Mehrweggeschirr, geschlossene Brücke & faire Kekse

Weil die Bezirksverordnetenversammlung (BVV) nach wie vor einen Berg unbearbeiteter Drucksachen vor sich her schiebt, wurde im Oktober wieder zusätzlich zur regulären Sitzung eine Sondersitzung angesetzt.

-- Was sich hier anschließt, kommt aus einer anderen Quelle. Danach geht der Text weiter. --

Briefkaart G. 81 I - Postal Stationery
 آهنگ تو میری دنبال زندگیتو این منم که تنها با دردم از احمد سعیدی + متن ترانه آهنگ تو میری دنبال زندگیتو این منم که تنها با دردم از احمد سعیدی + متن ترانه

Bezirksbürgermeister Martin Hikel nahm das zum Anlass, den Bezirksverordneten ins Gewissen zu reden. Die BVV müsse wieder dahin kommen, Grundsatzfragen und tagesaktuelle Fragen im Plenum zu diskutieren, Fachfragen aber in den Ausschüssen zu behandeln und zu beschließen. Dieses Verfahren wurde in letzter Zeit behindert, da besonders die fraktionslosen BVV-Mitglieder wiederholt die Konsensliste ablehnten. Weil deshalb jeder Linksabbiegepfeil im Plenum diskutiert werden müsse, führe das zu massiver Verzögerung der Arbeit. So werde aktuell noch über Themen aus dem Januar diskutiert. Die hinterfragten Prozesse seien teilweise längst umgesetzt worden, die BVV verzichte damit auf ihre Aufgabe, das Bezirksamt zu kontrollieren.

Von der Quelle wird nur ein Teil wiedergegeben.